Dataset section Start Marker
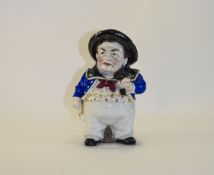 A 19th Century Hand Painted Figural Ceramic Tobacco Jar In The Form of a Large Sailor.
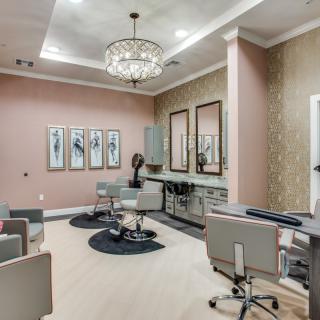 A modern and elegant salon interior with plush seating, chandeliers, and stylish artwork.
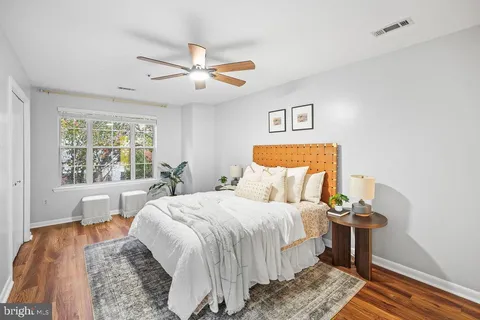 a bedroom with a bed and wooden floor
Dataset section End Marker
= Exercise =
Beginning with the line containing "A modern and" and ending with the last line of the material, output each line exactly; do not include pictures.

= Output =
 A modern and elegant salon interior with plush seating, chandeliers, and stylish artwork.
 a bedroom with a bed and wooden floor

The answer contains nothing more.